What you will do:
Reproduce the complete set of records, exactly as they appear.

Recorded data:
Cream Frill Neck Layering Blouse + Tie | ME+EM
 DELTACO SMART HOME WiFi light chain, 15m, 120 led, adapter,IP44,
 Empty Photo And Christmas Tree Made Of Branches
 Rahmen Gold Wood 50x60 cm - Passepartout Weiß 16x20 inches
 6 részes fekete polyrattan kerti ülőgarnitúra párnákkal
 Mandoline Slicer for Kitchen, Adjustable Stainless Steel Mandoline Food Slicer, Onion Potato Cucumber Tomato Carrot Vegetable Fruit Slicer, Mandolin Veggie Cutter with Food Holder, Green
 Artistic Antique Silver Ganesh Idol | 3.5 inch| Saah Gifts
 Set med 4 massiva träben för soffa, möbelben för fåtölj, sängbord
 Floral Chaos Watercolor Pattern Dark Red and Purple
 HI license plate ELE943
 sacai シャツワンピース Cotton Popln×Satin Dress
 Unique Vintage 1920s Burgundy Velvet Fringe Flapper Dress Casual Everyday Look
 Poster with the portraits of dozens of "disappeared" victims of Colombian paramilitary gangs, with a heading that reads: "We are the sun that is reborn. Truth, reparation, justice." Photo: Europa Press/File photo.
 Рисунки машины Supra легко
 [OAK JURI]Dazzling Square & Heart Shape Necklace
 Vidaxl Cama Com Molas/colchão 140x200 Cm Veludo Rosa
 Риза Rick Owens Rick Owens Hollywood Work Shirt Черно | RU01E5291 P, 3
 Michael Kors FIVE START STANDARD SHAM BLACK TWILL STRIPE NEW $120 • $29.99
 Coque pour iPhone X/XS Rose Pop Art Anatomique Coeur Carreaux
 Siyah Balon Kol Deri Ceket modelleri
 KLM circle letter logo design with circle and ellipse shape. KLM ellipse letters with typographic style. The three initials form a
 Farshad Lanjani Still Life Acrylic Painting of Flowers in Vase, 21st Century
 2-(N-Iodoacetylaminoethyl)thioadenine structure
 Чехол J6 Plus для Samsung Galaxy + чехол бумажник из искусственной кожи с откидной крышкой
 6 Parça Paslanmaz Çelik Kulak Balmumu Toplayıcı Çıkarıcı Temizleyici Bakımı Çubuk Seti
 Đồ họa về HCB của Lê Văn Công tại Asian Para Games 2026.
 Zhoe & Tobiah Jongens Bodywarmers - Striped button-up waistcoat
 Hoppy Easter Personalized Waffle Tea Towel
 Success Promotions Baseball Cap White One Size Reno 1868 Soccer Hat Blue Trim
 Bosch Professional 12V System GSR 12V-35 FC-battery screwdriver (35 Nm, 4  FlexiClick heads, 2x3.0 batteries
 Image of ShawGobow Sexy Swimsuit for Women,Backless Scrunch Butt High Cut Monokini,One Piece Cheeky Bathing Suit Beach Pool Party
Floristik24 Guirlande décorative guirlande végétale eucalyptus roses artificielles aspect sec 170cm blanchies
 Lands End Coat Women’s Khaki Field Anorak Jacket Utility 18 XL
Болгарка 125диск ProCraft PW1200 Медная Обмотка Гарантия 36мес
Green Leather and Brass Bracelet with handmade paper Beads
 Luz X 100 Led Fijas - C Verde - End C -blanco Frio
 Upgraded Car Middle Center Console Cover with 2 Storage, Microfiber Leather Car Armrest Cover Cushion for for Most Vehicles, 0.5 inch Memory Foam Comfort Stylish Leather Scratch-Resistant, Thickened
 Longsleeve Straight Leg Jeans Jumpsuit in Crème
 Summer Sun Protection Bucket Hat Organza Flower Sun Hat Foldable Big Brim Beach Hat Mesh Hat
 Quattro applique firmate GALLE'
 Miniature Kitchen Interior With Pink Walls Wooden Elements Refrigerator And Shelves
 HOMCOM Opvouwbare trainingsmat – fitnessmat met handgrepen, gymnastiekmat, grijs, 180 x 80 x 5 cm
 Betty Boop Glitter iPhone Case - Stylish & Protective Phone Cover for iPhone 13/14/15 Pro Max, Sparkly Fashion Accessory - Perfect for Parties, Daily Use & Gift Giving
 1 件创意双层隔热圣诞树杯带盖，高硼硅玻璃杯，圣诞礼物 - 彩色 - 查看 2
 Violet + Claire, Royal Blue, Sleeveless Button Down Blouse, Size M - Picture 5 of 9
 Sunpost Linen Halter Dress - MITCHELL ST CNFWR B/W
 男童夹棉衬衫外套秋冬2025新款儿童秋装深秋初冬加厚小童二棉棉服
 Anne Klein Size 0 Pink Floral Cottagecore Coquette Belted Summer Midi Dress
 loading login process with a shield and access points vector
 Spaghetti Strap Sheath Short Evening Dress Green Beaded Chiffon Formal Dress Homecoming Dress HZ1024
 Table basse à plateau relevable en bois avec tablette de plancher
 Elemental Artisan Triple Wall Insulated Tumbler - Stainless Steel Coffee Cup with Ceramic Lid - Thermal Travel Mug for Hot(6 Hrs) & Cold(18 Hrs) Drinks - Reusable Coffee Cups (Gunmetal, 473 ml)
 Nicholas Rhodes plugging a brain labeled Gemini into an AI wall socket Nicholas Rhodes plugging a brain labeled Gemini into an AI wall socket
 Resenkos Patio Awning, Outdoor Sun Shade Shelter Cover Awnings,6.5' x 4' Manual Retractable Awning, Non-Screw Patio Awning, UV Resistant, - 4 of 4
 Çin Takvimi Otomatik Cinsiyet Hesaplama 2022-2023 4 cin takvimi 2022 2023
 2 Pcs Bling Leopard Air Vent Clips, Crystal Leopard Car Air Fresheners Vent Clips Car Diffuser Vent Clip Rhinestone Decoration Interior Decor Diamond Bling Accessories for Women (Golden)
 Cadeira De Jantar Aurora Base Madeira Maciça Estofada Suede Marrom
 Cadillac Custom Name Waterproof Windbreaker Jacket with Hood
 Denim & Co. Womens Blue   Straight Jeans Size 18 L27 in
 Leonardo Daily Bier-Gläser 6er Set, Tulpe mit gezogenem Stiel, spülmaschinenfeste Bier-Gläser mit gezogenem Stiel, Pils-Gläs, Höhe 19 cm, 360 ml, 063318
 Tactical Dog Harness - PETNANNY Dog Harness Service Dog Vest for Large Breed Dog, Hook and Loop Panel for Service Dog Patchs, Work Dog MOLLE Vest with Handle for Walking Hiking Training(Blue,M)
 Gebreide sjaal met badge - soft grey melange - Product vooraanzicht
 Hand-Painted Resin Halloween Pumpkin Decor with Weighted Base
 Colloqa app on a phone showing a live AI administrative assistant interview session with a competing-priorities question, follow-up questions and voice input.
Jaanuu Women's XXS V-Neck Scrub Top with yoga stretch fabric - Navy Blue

Exercise output:
Cream Frill Neck Layering Blouse + Tie | ME+EM
 DELTACO SMART HOME WiFi light chain, 15m, 120 led, adapter,IP44,
 Empty Photo And Christmas Tree Made Of Branches
 Rahmen Gold Wood 50x60 cm - Passepartout Weiß 16x20 inches
 6 részes fekete polyrattan kerti ülőgarnitúra párnákkal
 Mandoline Slicer for Kitchen, Adjustable Stainless Steel Mandoline Food Slicer, Onion Potato Cucumber Tomato Carrot Vegetable Fruit Slicer, Mandolin Veggie Cutter with Food Holder, Green
 Artistic Antique Silver Ganesh Idol | 3.5 inch| Saah Gifts
 Set med 4 massiva träben för soffa, möbelben för fåtölj, sängbord
 Floral Chaos Watercolor Pattern Dark Red and Purple
 HI license plate ELE943
 sacai シャツワンピース Cotton Popln×Satin Dress
 Unique Vintage 1920s Burgundy Velvet Fringe Flapper Dress Casual Everyday Look
 Poster with the portraits of dozens of "disappeared" victims of Colombian paramilitary gangs, with a heading that reads: "We are the sun that is reborn. Truth, reparation, justice." Photo: Europa Press/File photo.
 Рисунки машины Supra легко
 [OAK JURI]Dazzling Square & Heart Shape Necklace
 Vidaxl Cama Com Molas/colchão 140x200 Cm Veludo Rosa
 Риза Rick Owens Rick Owens Hollywood Work Shirt Черно | RU01E5291 P, 3
 Michael Kors FIVE START STANDARD SHAM BLACK TWILL STRIPE NEW $120 • $29.99
 Coque pour iPhone X/XS Rose Pop Art Anatomique Coeur Carreaux
 Siyah Balon Kol Deri Ceket modelleri
 KLM circle letter logo design with circle and ellipse shape. KLM ellipse letters with typographic style. The three initials form a
 Farshad Lanjani Still Life Acrylic Painting of Flowers in Vase, 21st Century
 2-(N-Iodoacetylaminoethyl)thioadenine structure
 Чехол J6 Plus для Samsung Galaxy + чехол бумажник из искусственной кожи с откидной крышкой
 6 Parça Paslanmaz Çelik Kulak Balmumu Toplayıcı Çıkarıcı Temizleyici Bakımı Çubuk Seti
 Đồ họa về HCB của Lê Văn Công tại Asian Para Games 2026.
 Zhoe & Tobiah Jongens Bodywarmers - Striped button-up waistcoat
 Hoppy Easter Personalized Waffle Tea Towel
 Success Promotions Baseball Cap White One Size Reno 1868 Soccer Hat Blue Trim
 Bosch Professional 12V System GSR 12V-35 FC-battery screwdriver (35 Nm, 4  FlexiClick heads, 2x3.0 batteries
 Image of ShawGobow Sexy Swimsuit for Women,Backless Scrunch Butt High Cut Monokini,One Piece Cheeky Bathing Suit Beach Pool Party
Floristik24 Guirlande décorative guirlande végétale eucalyptus roses artificielles aspect sec 170cm blanchies
 Lands End Coat Women’s Khaki Field Anorak Jacket Utility 18 XL
Болгарка 125диск ProCraft PW1200 Медная Обмотка Гарантия 36мес
Green Leather and Brass Bracelet with handmade paper Beads
 Luz X 100 Led Fijas - C Verde - End C -blanco Frio
 Upgraded Car Middle Center Console Cover with 2 Storage, Microfiber Leather Car Armrest Cover Cushion for for Most Vehicles, 0.5 inch Memory Foam Comfort Stylish Leather Scratch-Resistant, Thickened
 Longsleeve Straight Leg Jeans Jumpsuit in Crème
 Summer Sun Protection Bucket Hat Organza Flower Sun Hat Foldable Big Brim Beach Hat Mesh Hat
 Quattro applique firmate GALLE'
 Miniature Kitchen Interior With Pink Walls Wooden Elements Refrigerator And Shelves
 HOMCOM Opvouwbare trainingsmat – fitnessmat met handgrepen, gymnastiekmat, grijs, 180 x 80 x 5 cm
 Betty Boop Glitter iPhone Case - Stylish & Protective Phone Cover for iPhone 13/14/15 Pro Max, Sparkly Fashion Accessory - Perfect for Parties, Daily Use & Gift Giving
 1 件创意双层隔热圣诞树杯带盖，高硼硅玻璃杯，圣诞礼物 - 彩色 - 查看 2
 Violet + Claire, Royal Blue, Sleeveless Button Down Blouse, Size M - Picture 5 of 9
 Sunpost Linen Halter Dress - MITCHELL ST CNFWR B/W
 男童夹棉衬衫外套秋冬2025新款儿童秋装深秋初冬加厚小童二棉棉服
 Anne Klein Size 0 Pink Floral Cottagecore Coquette Belted Summer Midi Dress
 loading login process with a shield and access points vector
 Spaghetti Strap Sheath Short Evening Dress Green Beaded Chiffon Formal Dress Homecoming Dress HZ1024
 Table basse à plateau relevable en bois avec tablette de plancher
 Elemental Artisan Triple Wall Insulated Tumbler - Stainless Steel Coffee Cup with Ceramic Lid - Thermal Travel Mug for Hot(6 Hrs) & Cold(18 Hrs) Drinks - Reusable Coffee Cups (Gunmetal, 473 ml)
 Nicholas Rhodes plugging a brain labeled Gemini into an AI wall socket Nicholas Rhodes plugging a brain labeled Gemini into an AI wall socket
 Resenkos Patio Awning, Outdoor Sun Shade Shelter Cover Awnings,6.5' x 4' Manual Retractable Awning, Non-Screw Patio Awning, UV Resistant, - 4 of 4
 Çin Takvimi Otomatik Cinsiyet Hesaplama 2022-2023 4 cin takvimi 2022 2023
 2 Pcs Bling Leopard Air Vent Clips, Crystal Leopard Car Air Fresheners Vent Clips Car Diffuser Vent Clip Rhinestone Decoration Interior Decor Diamond Bling Accessories for Women (Golden)
 Cadeira De Jantar Aurora Base Madeira Maciça Estofada Suede Marrom
 Cadillac Custom Name Waterproof Windbreaker Jacket with Hood
 Denim & Co. Womens Blue   Straight Jeans Size 18 L27 in
 Leonardo Daily Bier-Gläser 6er Set, Tulpe mit gezogenem Stiel, spülmaschinenfeste Bier-Gläser mit gezogenem Stiel, Pils-Gläs, Höhe 19 cm, 360 ml, 063318
 Tactical Dog Harness - PETNANNY Dog Harness Service Dog Vest for Large Breed Dog, Hook and Loop Panel for Service Dog Patchs, Work Dog MOLLE Vest with Handle for Walking Hiking Training(Blue,M)
 Gebreide sjaal met badge - soft grey melange - Product vooraanzicht
 Hand-Painted Resin Halloween Pumpkin Decor with Weighted Base
 Colloqa app on a phone showing a live AI administrative assistant interview session with a competing-priorities question, follow-up questions and voice input.
Jaanuu Women's XXS V-Neck Scrub Top with yoga stretch fabric - Navy Blue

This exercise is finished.